A three node -displacement based- acoustic element is developed. In order to avoid spurious rotational modes, a higher order stiffness is introduced. This higher order stiffness is developed from an incompatible strain field which computes element volume changes under nodal rotational displacements fields. The higher order strain resulting from the incompatible strain field satisfies the Individual Element Test (IET) requirements without affecting convergence. The higher order stiffness is modulated, element by element, with a factor. As a result, the displacement based formulation presented on this paper is capable of placing the spurious rotational modes above the range of the physical compressional modes that can be accurately calculated by the mesh.

Keywords: Fluid-structure interaction, Displacement-based formulation, Spurious modes, Individual Element Test, Parameterized Variational Principle

1 INTRODUCTION

Acoustic propagation in an inviscid media is generally studied using the pressure p as primitive variable. Consequently, after the finite element approximation, only one unknown variable per node is obtained. This is a drastic reduction on the number of unknown variables as compared to a displacement based formulation where two unknown displacements u,v at each node are necessary to describe the problem. The only drawback in using a pressure formulation can be found when the fluid is interfaced with an elastic solid because both of them do not share the same variables. To overcome this issue, an equilibrium constraint must be imposed at the fluid-solid boundary. Therefore, an acoustic fluid element cannot be handled by a finite element code as any other structural element. Displacement, pressure, displacement-pressure and velocity potential elements have been developed in the past. References [2–4, 7, 9, 10, 12–14] are, in the authors' opinion, the most relevant.

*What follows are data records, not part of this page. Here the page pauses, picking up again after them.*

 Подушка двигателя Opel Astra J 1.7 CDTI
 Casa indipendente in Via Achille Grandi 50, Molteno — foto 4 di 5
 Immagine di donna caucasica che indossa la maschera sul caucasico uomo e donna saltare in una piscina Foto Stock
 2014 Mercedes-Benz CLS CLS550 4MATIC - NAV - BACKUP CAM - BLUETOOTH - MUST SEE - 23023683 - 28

Displacement formulations have been reported by many authors. The formulation of these elements following finite element standard procedures produces a rank deficient stiffness matrix. This rank deficiency is not an error because the strain energy in an acoustic fluid is only computed from volume changes. The displacement field inside the element computes element shape changes with no volume changes. Any displacement field that describes shape changes without volume variation expands the null space of the stiffness matrix. This displacement field is called spurious because, despite being consistent with the formulation, it is not expected in a true irrotational formulation. Moreover, when an eigenfrequency problem is solved, the spurious displacement field produces low frequency rotational modes. Many authors [2, 10, 14] compute the rotational of the displacement field and add a fictitious rotational energy. There is not a constitutive equation for such behavior and a fictitious elastic coefficient must be introduced, appearing in the formulation as a penalty factor. Generally, the value suggested for the factor ranges from 1 to 1,000 times the compressibility modulus. This variability of the factor is a serious drawback because the results strongly depend on this a priori tuning.

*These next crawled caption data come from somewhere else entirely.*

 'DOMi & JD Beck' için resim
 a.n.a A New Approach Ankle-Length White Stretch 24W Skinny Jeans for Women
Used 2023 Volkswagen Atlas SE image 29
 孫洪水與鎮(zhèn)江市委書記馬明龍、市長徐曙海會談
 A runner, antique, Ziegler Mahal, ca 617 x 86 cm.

In this paper, a displacement-based triangular element is proposed. In order to obtain an irrotational displacement field in weak form, an incompatible mode is added. From the added incompatible mode, a higher order strain is computed. After filtering the higher order strain to satisfy the IET from Bergan [5, 11], a higher order stiffness matrix is assembled. No rotational measure is introduced and no fictitious elastic coefficient is needed. However, it is possible to introduce a coefficient in front of the resulting higher order stiffness. The coefficient changes from element to element without affecting convergence. A stabilization strategy is proposed and the coefficient is computed in a closed form as a function of the element size. In this way, the spurious modes are placed over the higher compressional mode that still retains a physical meaning. This formulation is not based in the Raviart-Thomas polynomial [6] nor in the displacement/pressure formulation [2, 14], hence no centerface nor midside degrees of freedom are necessary, resulting in lower computational cost.

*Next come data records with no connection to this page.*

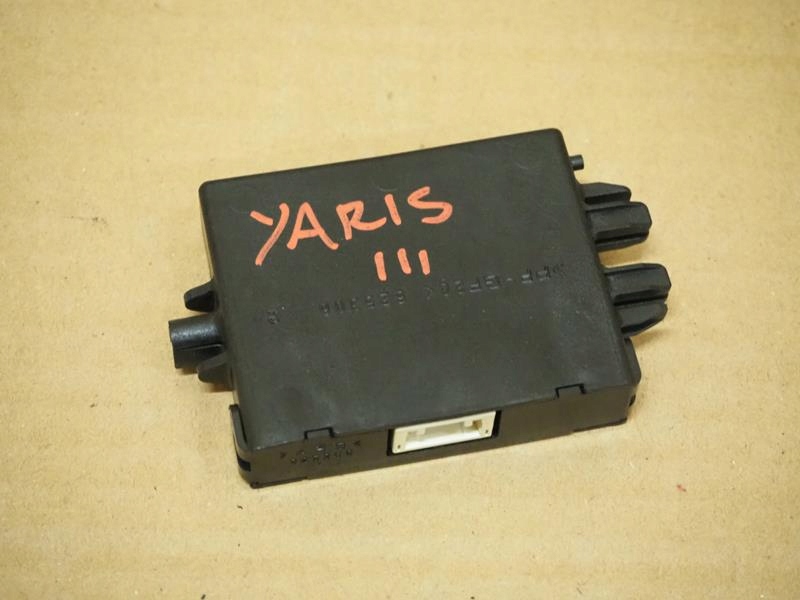 фото №3, Модуль ecu toyota yaris iii lift 897840d030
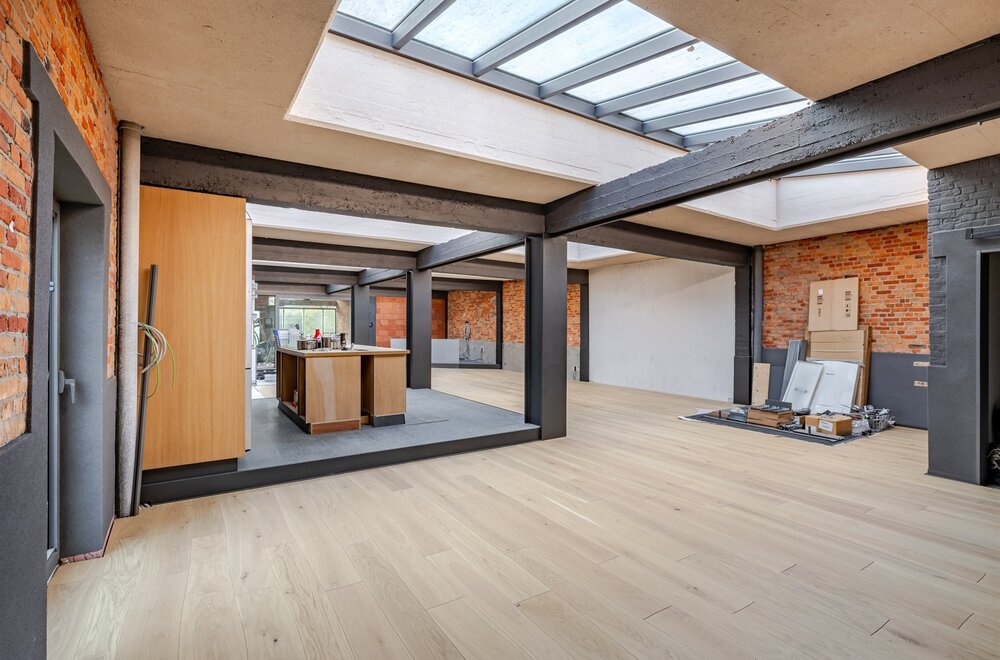 unieke-loft-290m-met-atelier-studio-tuin-n-magazijn-200m-005.jpg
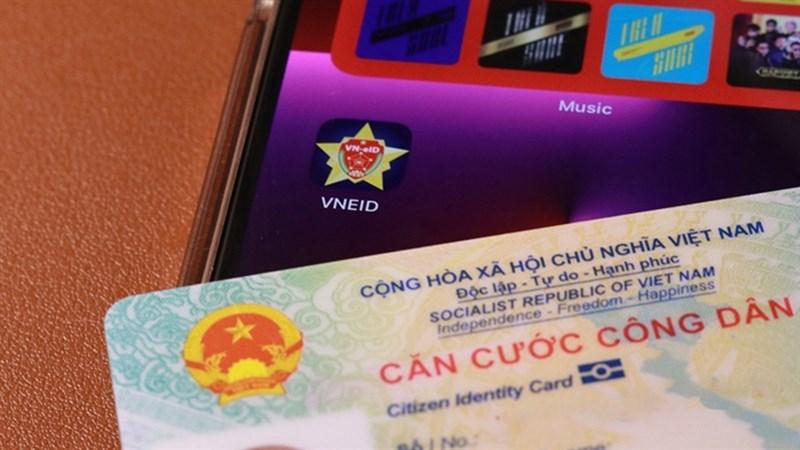 Màn hình giao diện ứng dụng VNeID hiển thị thông tin cá nhân và các giấy tờ tích hợp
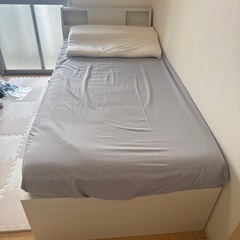 シングルベッドの画像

A 2D acoustic cavity and a 2D fluid interaction problem are presented to show convergence, non uniform meshes behavior and boundary normal definition issues [2, 14]. The 2D acoustic cavity is also used to check the appearance of spurious modes.

2 THE STIFFNESS MATRIX ASSEMBLY

2.1 Displacement field and incompatible modes

To describe the displacement field, the same orientation of the coordinate system is assumed for all the elements. Each element uses a system with origin at its center of gravity. In a linear triangle the general form for the displacement field is:

Where u is the displacement field and the subscript c stands for the compatible part. The field is linear and the a and b factors can be obtained as a function of the nodal displacements values u_j , v_j with j =1,2,3 and the nodal coordinates [15].

The following incompatible modes are introduced,

Where u is the displacement field and the subscript i stands for the incompatible part and

Constants ς and η must be determined element by element and take values different from zero when the fluid tends to rotate.

A trial displacement field, u* = u_c + u_i is proposed in order to obtain ς and η as a function of the a and b coefficients.

The rotor of the trial field is computed as:

From (4), it becomes clear that asking the rotor to cancel at each point inside the element will not produce the sufficient conditions. Instead, the following weak form is tried:

By integrating and rearranging terms, (5) results in the following matrix relationship:

Which, in compact form, becomes:

Where ψ and d are vectors and the terms of matrix F are:

And the terms of matrix P are:

By nodal collocation, a linear relationship can be obtained between vector d and the nodal displacements v:

Where matrix Q is:

Being x_i ,y_i the nodal coordinates and v^t = (u₁v₁u₂v₂u₃v₃)

Assuming F^-1 exists, equation (6) shows that ψ is a null vector for nodal displacements that produces volume changes because it is independent from a₂ and b₃ , and ψ ≠ 0 for rotational displacements fields. Thus, rotational fields activate the incompatible modes.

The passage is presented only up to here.